Rumblings on social media alerted me to the prospect of a city ban on go-cups, and I was as outraged as the next guy. But then I noticed that reasonable reporting in The Times-Picayune, Gambit, The Advocate, WWL, WDSU, and every other “traditional” news outlet made clear that the cyberspace commentariat was piling up a mountain alongside what really amounted to a molehill: Far from being a citywide go-cup ban, it turned out that the fuss was over restrictions on go-cup use at just two bars.

Why did that non-issue strike such a jangly nerve — if the nerves of a handful of bloggers and tweeters can be called more than merely virtual? The anatomy of a rumor in this case demonstrates the way internet-savvy arrivistes in our fair city are able to seize on an issue and define the terms of debate, especially if it has any implications for the newly dubbed “St. Claude Corridor.”

One of the culprits drumming up the fairy dust-up was a misleading petition on, that newly imported watchdog for building a virtual New Orleans to compete with the real one. And why such chest-thumping from the newbies over the humble go-cup? The go-cup in itself is just litter waiting to happen, or, if disposed of “properly,” another non-biodegradable addition to the waste stream clogging our landfills. The more responsible approach to portable libation would be for people to tote their re-usable Mardi Gras cups from bar to bar and refill them. Just sayin’.

Ah, but advocating such a reasonable solution would be to underplay the symbolic significance of the go-cup: in a general sense, an emblem of the city’s famously liberal drinking laws; more specifically, a token of our celebrated freedom to consume alcohol on the public ways.
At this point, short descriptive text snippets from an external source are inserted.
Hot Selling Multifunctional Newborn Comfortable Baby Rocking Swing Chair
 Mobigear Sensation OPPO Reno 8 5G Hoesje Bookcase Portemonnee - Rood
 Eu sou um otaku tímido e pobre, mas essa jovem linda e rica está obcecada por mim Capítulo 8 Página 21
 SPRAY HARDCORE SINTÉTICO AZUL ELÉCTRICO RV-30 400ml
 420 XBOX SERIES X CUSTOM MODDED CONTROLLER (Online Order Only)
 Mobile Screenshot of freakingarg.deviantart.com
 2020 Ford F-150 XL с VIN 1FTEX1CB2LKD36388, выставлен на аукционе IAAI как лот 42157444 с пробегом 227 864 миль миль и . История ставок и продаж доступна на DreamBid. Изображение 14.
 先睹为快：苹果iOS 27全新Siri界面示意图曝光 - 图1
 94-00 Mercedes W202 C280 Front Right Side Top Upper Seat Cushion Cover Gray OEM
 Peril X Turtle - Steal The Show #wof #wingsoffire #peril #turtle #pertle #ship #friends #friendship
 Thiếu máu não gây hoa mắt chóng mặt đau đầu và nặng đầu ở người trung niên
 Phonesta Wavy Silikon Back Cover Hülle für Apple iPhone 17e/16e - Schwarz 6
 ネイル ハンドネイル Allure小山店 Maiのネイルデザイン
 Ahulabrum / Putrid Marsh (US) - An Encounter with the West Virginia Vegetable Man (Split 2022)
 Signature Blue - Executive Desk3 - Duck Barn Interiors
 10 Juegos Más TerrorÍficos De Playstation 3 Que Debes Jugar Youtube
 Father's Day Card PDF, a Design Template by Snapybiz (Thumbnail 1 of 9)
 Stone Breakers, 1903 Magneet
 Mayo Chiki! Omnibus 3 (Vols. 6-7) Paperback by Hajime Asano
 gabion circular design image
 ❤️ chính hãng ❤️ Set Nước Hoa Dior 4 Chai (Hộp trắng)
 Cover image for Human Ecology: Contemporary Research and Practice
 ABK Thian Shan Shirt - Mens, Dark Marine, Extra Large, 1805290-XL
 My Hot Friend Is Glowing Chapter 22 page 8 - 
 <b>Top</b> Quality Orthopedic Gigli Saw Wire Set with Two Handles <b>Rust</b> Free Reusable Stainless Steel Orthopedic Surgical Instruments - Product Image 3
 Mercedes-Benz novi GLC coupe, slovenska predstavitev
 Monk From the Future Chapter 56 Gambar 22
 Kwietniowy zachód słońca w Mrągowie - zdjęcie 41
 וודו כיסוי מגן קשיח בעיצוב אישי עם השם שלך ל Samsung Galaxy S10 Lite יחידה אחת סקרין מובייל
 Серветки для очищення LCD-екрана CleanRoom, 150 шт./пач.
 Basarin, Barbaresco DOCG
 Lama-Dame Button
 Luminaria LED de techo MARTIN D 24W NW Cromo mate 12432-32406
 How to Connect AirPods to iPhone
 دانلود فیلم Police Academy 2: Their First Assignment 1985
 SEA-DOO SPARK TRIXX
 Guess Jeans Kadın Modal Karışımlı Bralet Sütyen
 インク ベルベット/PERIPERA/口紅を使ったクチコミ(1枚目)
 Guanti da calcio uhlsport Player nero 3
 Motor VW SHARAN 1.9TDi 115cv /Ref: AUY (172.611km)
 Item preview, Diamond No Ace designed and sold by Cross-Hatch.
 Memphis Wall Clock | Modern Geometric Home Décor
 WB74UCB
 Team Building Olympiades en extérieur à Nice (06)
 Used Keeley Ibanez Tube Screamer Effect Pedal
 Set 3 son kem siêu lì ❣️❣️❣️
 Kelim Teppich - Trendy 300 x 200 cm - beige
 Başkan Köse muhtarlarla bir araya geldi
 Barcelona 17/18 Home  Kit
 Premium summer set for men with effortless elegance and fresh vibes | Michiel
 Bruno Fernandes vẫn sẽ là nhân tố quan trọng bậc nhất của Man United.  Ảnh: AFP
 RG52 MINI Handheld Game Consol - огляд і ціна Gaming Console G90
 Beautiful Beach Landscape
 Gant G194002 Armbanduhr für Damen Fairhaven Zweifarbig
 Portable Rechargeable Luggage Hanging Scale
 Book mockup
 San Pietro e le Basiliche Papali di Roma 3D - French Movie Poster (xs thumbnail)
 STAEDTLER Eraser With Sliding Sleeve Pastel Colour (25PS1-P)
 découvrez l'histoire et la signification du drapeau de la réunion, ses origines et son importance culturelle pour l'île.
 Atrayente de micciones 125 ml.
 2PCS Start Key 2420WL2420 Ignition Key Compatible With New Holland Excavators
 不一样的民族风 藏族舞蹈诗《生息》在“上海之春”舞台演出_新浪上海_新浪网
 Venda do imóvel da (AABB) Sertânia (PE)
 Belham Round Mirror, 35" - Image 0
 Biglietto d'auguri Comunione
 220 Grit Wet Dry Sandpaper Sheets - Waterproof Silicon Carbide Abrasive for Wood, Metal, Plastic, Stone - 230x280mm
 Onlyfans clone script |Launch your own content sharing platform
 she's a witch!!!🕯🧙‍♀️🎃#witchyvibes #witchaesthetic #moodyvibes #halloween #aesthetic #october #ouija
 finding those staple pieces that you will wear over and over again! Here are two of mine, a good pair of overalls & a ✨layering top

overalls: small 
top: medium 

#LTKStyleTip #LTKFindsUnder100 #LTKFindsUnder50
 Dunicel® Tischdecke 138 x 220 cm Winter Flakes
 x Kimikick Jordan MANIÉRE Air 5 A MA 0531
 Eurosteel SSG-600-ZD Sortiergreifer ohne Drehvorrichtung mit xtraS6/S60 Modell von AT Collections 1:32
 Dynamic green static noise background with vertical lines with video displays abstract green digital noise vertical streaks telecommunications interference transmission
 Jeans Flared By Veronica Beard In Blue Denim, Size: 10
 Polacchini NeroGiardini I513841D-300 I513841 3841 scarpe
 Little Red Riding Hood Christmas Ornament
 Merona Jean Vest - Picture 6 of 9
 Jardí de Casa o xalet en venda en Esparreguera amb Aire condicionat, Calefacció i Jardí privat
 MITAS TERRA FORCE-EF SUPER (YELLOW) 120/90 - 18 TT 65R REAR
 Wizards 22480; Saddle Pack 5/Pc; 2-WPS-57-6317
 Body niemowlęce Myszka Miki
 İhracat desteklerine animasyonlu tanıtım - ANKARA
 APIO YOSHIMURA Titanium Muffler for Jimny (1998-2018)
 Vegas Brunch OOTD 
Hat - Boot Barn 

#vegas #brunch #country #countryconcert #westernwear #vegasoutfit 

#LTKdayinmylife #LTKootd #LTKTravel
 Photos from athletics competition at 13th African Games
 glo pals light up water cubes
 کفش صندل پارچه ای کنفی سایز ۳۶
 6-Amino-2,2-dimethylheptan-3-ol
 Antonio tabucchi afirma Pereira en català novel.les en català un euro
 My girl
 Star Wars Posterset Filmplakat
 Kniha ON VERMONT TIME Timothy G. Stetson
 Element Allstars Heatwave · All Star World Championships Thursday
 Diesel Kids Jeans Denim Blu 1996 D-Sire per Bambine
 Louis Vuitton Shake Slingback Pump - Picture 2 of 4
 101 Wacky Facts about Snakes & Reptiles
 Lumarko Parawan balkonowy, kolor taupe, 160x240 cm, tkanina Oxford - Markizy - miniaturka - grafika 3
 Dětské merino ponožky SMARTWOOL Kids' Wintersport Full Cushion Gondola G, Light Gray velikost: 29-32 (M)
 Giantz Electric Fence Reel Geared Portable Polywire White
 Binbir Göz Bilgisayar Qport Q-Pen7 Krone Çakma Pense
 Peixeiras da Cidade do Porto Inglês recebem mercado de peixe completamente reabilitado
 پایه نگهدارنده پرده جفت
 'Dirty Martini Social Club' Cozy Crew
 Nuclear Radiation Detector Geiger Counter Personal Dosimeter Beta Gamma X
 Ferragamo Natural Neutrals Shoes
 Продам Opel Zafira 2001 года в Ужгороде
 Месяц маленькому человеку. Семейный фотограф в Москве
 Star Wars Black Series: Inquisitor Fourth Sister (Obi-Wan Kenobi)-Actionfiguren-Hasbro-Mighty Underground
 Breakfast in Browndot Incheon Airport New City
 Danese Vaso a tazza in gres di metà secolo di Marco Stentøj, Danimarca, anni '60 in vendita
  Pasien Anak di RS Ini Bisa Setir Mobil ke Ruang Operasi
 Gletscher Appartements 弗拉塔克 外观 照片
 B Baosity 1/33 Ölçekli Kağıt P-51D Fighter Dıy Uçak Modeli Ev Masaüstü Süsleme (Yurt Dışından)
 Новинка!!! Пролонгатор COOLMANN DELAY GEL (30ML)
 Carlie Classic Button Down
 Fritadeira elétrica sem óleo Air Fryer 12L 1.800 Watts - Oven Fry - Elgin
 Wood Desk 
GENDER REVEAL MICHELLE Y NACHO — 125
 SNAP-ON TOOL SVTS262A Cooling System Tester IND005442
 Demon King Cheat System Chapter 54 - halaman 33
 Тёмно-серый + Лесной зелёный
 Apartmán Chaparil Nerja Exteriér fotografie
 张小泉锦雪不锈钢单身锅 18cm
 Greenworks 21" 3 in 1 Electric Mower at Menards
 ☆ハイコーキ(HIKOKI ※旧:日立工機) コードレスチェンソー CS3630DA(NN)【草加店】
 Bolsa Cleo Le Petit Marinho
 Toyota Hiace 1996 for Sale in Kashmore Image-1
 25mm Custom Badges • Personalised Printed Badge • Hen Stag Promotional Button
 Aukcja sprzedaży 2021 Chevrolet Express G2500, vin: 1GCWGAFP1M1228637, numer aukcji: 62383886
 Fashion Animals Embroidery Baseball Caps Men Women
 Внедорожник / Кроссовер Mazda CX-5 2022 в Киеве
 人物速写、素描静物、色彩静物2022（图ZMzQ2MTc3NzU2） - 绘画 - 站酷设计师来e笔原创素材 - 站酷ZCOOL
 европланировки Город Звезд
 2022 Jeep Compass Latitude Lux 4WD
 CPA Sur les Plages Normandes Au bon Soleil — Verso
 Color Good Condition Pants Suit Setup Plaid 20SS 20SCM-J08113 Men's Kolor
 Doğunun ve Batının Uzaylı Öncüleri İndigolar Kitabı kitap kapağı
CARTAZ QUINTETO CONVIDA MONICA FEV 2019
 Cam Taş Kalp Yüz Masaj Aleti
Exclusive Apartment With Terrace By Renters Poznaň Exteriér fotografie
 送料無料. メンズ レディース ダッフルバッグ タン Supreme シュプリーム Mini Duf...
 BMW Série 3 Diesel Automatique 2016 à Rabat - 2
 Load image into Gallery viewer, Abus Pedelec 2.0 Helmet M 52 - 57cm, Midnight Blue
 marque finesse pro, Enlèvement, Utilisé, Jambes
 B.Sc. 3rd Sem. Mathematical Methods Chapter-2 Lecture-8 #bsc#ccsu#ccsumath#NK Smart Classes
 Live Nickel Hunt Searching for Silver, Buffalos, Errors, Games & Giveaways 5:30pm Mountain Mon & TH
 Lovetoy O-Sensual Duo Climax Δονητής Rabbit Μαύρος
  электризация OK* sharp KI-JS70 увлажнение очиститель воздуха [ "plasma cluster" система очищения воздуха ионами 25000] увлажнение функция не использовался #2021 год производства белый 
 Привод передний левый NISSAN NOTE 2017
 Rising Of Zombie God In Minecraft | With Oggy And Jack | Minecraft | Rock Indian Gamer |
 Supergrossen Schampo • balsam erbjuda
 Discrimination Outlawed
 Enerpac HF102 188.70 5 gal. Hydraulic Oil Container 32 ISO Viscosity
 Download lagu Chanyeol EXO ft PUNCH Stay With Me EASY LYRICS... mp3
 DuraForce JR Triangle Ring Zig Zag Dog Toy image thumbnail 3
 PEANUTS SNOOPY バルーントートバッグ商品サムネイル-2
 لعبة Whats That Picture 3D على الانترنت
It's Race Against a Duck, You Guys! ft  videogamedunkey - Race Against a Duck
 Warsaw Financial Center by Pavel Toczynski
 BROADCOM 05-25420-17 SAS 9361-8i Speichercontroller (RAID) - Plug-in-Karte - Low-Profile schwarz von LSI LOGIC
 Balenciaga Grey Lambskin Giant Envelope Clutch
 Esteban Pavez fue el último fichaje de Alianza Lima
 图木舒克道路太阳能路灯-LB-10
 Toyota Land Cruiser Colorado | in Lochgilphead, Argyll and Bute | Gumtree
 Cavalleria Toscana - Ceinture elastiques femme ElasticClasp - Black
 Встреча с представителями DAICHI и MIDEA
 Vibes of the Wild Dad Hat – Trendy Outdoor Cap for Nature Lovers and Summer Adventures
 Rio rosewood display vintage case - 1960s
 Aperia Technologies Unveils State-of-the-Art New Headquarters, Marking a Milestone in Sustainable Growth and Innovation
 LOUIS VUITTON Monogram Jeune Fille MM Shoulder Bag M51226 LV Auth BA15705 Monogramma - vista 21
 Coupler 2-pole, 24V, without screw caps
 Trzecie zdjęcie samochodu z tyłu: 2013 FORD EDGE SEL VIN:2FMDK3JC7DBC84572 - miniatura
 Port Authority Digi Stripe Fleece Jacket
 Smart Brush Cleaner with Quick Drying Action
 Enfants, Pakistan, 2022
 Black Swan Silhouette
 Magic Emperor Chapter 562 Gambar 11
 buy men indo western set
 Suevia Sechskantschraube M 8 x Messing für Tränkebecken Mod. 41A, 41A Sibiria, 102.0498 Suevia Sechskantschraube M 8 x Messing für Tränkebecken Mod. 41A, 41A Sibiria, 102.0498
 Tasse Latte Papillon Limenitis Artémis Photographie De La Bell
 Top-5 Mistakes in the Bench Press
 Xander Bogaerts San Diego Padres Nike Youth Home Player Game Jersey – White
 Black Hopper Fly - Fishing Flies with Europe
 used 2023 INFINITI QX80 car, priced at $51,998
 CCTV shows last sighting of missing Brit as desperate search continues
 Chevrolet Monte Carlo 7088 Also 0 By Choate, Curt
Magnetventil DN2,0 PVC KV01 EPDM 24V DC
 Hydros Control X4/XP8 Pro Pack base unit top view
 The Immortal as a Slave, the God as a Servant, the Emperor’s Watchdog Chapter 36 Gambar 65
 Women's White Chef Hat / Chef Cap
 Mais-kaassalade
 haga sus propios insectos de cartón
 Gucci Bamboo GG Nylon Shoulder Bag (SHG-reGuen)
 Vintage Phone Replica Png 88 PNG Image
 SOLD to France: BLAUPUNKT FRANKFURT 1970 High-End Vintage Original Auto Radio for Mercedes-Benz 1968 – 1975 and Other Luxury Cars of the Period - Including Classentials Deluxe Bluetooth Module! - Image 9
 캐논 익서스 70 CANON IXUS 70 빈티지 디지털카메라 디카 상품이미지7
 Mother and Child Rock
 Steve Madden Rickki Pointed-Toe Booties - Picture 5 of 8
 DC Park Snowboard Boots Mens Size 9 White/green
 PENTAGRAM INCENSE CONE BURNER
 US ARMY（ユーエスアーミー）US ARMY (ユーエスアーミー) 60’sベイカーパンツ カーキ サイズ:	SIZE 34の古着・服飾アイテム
While the spirit of the former and the letter of the latter should be preserved in perpetuity, the level of freak-out over a relatively minor and arcane issue affecting only a couple of taverns shows that a dogmatic mentality is taking hold, one more tightly bound up with identity politics than with honest debate over the city’s real and urgent needs.

As soon as essential and reductive identity markers are in place, the loudest shouters get to enhance their own identity status by affirming the dogma. In this case, people who may not have lived very long in New Orleans can demonstrate commitment to their brand-new New Orleans identity by defining it narrowly and pledging allegiance.

It’s right and good that the dogma includes public drinking, since that is, in my view, one of those only-in-New Orleans qualities that people like me feel should be preserved. They’re a beacon of values that contrast sharply with the boring other places that actually run the country. But if the range of aspects defining New Orleans’ uniqueness is too narrow — go-cups? really? — then we fall into the trap of a vulgar exceptionalism, which cheapens the whole project.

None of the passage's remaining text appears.